The Atlanta Journal-Constitution
The allure of the American outlaw
If you are susceptible to dreams of rebellion, to fantasies of going off the grid, and taking to the open road, untethered from responsibility and conventionality, Danny Lyon’s “The Bikeriders” at Jackson Fine Art is apt to seduce you, luring you into the intoxicating headspace of escape.

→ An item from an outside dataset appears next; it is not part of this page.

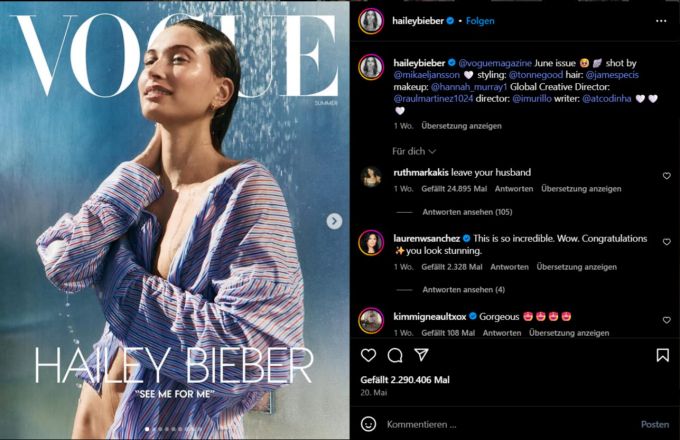 Hailey Bieber ist aktuell auf dem Vogue-Cover zu sehen. Hailey Bieber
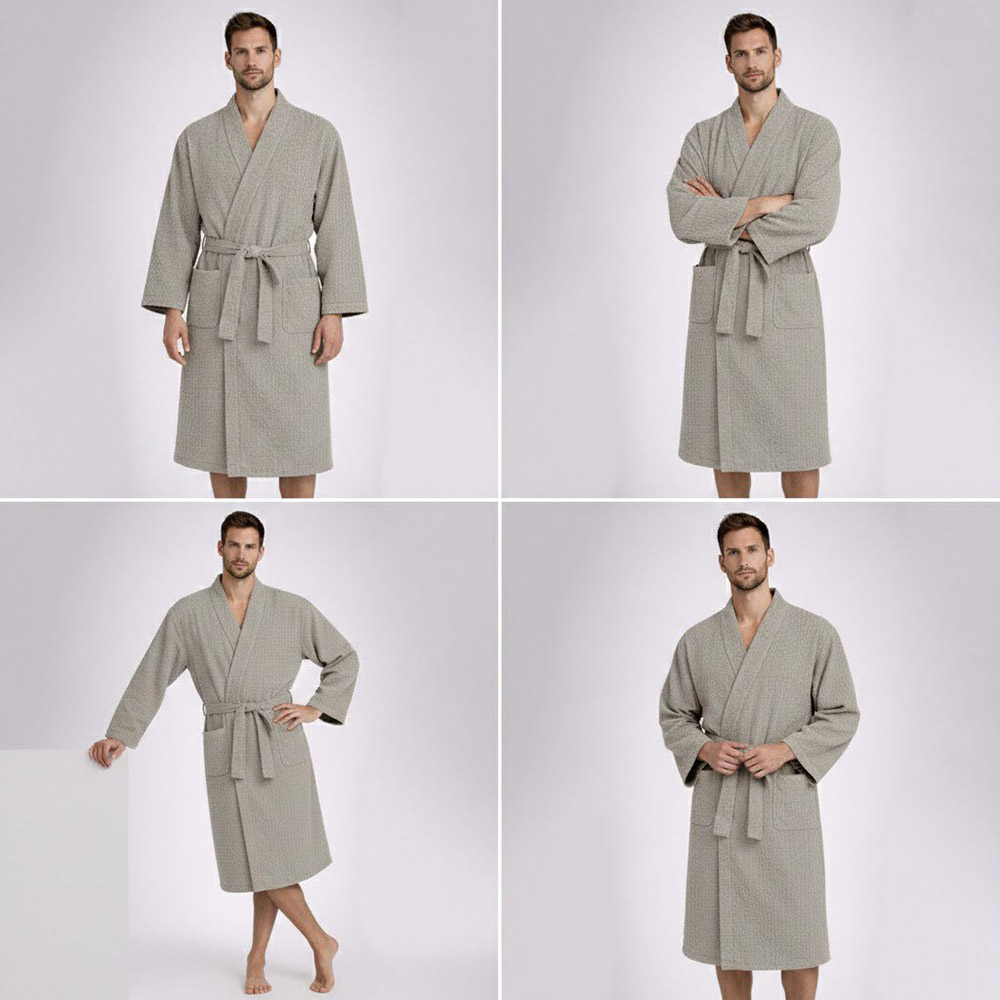 SoundSleep Long Kimono Waffle Robe Unisex Beige L/XL (2800005061413)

In 1963 while studying at the University of Chicago, 21-year-old Lyon met a fellow student and motorcycle fan, Frank Jenner, pictured impishly grinning in a 1964 image “Frank Jenner, La Porte, Indiana” from “The Bikeriders,” the book Lyon published in 1968. Jenner built a custom Harley-Davidson in the UChicago dorms and ushered Lyon into the world of the Chicago Outlaws motorcycle gang. Like Hunter S. Thompson’s equally immersive New Journalism novel “Hell’s Angels,” in which the gonzo writer “goes deep” into the world he documents, Lyon dug into the Outlaws. He traveled with the group and eventually joined their ranks. As with his photographs of the student protestors who defied segregation in the South or in his documentation of inmates at a Texas prison in the ’70s,
Lyon identified with those outside the status quo.
There’s a dark romance to Lyon’s images of these outlaws. Lyon’s framing certainly helps you assume the position of a fellow traveler. Though, he shoots portraits of the biker world’s assorted characters — “Funny Sonny,” “Brucie” “Crazy Charlie” — just as often he aims his camera over their shoulders so we can see the world as they do, as in “Route 12, Wisconsin.” In that 1963 image, we see a group of bikers on the open road, retreating into the distance. The image is as iconic as any John Ford Western in capturing the quintessentially American romance of freedom and exploration.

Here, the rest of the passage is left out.